Suppose we have 3 streaming replication PostgreSQL cluster and the
client uses primary (node 0) and standby 1 (node 1), but does not use
standby 2 (node 2) because the node 2 is not load balance node.  In
this case ideally shutting down node 2 should not disconnect the
session. However the session is disconnected if the session processing
a query while failover.  The reason why session disconnection in
failover is necessary is, there are bunch of places in the source code
something like this:

for (i = 0; i < NUM_BACKENDS; i++)
{
if (!VALID_BACKEND(i))
   continue;
   :
   :

VALID_BACKEND returns true if the backend is not in down status. If
this code is executed while failover, the code may access the backend
socket which is not available any more and will cause troubles
including segfault. So inside VALID_BACKEND, we check whether failover
is performed, and if so, the pgpool child process exits and the
session disconnects. To aovid it, change VALID_BACKEND so that it
waits for completion of failover. For this purpose new function
wait_for_failover_to_finish() is added. It waits for the completion of
failover up to MAX_FAILOVER_WAIT seconds (for it's fixed to 30).  The
change above will prevent unnecessary session disconnection for
existing sessions.

This commit also tries to prevent unnecessary session disconnection
while accepting new sessions. There are multiple places where it could
happen and this commit fixes them:

- accepting new connection from client. In wait_for_new_connections,
  call wait_for_failover_to_finish to wait for completion of
  failover.

- creating new connection to backend. After accepting connection
  request from client and before creating connection to backend, call
  wait_for_failover_to_finish to wait for completion of failover.

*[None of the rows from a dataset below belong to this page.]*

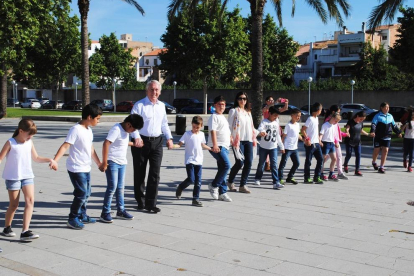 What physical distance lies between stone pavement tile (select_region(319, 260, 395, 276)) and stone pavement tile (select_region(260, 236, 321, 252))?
505 mm

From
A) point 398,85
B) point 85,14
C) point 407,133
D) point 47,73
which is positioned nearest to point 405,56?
point 398,85

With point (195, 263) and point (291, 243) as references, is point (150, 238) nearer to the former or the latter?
point (195, 263)

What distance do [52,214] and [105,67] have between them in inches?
1997

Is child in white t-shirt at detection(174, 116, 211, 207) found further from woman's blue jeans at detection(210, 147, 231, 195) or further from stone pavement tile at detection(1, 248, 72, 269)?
stone pavement tile at detection(1, 248, 72, 269)

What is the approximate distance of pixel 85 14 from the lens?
21.3 meters

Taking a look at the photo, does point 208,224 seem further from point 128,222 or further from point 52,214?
point 52,214

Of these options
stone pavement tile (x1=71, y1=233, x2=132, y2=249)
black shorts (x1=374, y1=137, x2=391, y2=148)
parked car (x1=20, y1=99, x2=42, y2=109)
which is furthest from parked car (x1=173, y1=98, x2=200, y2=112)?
stone pavement tile (x1=71, y1=233, x2=132, y2=249)

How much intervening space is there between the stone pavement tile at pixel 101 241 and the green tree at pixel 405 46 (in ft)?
109

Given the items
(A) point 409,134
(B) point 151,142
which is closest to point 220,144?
(B) point 151,142

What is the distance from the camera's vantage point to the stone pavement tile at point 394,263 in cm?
488

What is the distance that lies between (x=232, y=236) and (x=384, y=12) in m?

- fixing broken socket. pool_get_cp checks whether exiting backend
  connection is broken. If it's broken, sleep 1 second to expect
  failover happens then calls wait_for_failover_to_finish().

- processing an application name. If an application name is included
  in a startup message, pgpool sends query like "SET application_name
  TO foo" to all backend nodes including node 2, which could cause a
  write error. To prevent the error, I modified
  connect_using_existing_connection, which is sending the SET command
  using do_command, so that do_command does not raise an ERROR by
  wrapping it in TRY/CATCH block.

Note that even with all fixes above, I was not able to fix some cases
where pool_write raises error. pool_write is used to write to backend
socket and there are too many places to fix all of them. For now we
need to run "pcp_detach_node 2" before shutdown it. pcp_detach_node
will tell all pgpool child process that node 2 is going down. Even if
a child process does not notice it and writes to backend 2 socket,
there will be no error because node 2 is still alive.

Finally this commit adds new regression test case
037.failover_session.  For the test pgbench is used. There are 2 cases
for continuous session (without -C option) and repeating
connection/disconnection (with -C option) each. So there are 4 causes
in the test:

"=== test1: backend_weight2 = 0 and pgbench without -C option"
"=== test2: backend_weight2 = 0 and pgbench with -C option"
"=== test3: load_balance_mode = off and pgbench without -C option"
"=== test4: load_balance_mode = off and pgbench with -C option"

test2 and test4 requires pcp_detach_node before shutting down node 2.

Discussion: https://www.pgpool.net/pipermail/pgpool-hackers/2023-July/004352.html

src/context/pool_query_context.c
src/include/context/pool_query_context.h
src/protocol/child.c
src/protocol/pool_connection_pool.c
src/protocol/pool_process_query.c
src/test/regression/tests/037.failover_session/test.sh [new file with mode: 0755]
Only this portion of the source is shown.